▶ _TO DO_:
The data that follows is to be copied exactly, with each image removed.

▶ _SUPPLIED DATA_:
________________
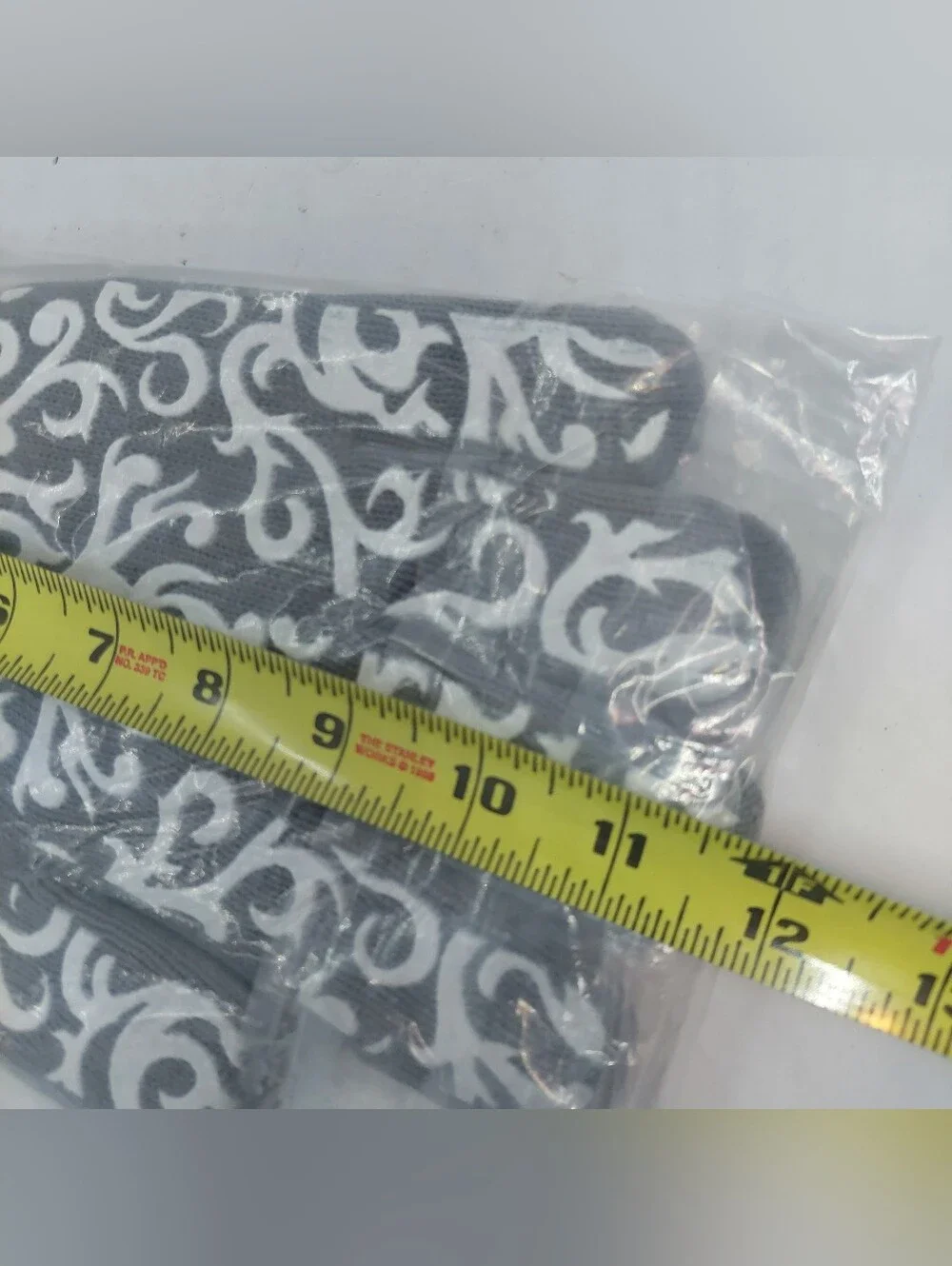 Temptations By Tara Oven Gloves Gray White 11.5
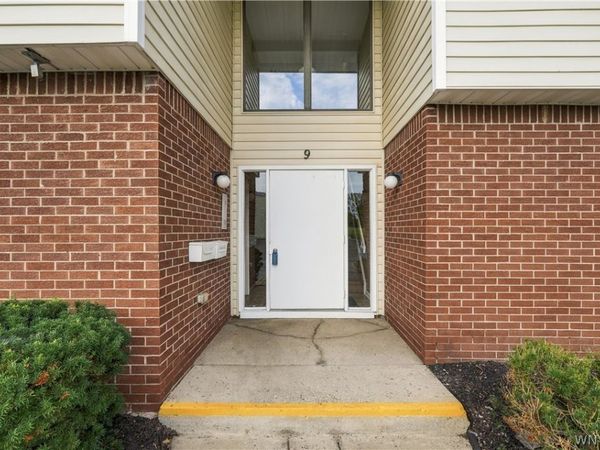 9 Southcreek Court , Unit B, East Amherst, NY 14051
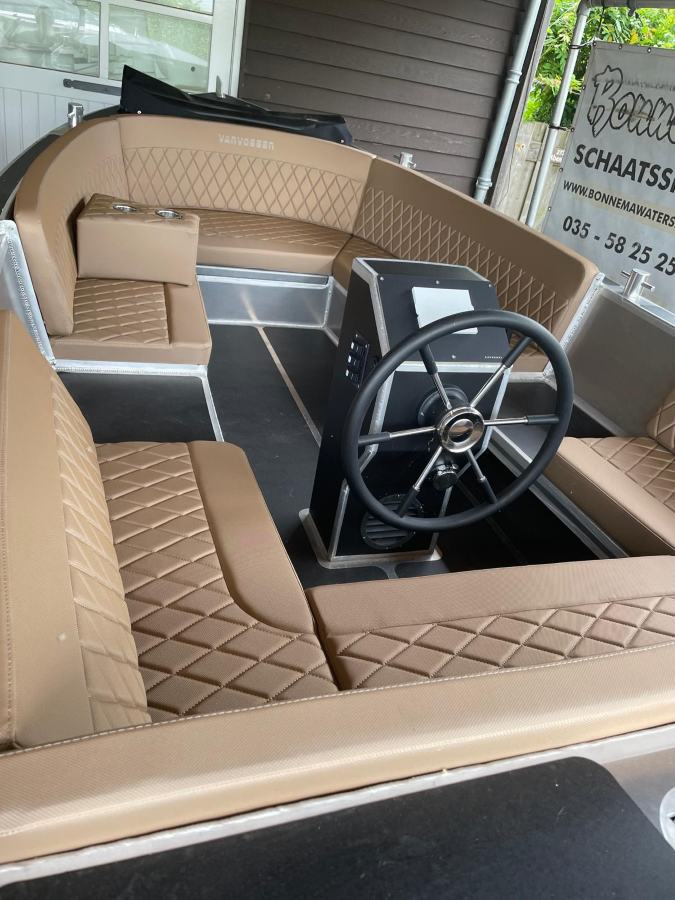 Van Vossen 550 e sloep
________________
▶ _WRITTEN ANSWER_:
 Temptations By Tara Oven Gloves Gray White 11.5
 9 Southcreek Court , Unit B, East Amherst, NY 14051
 Van Vossen 550 e sloep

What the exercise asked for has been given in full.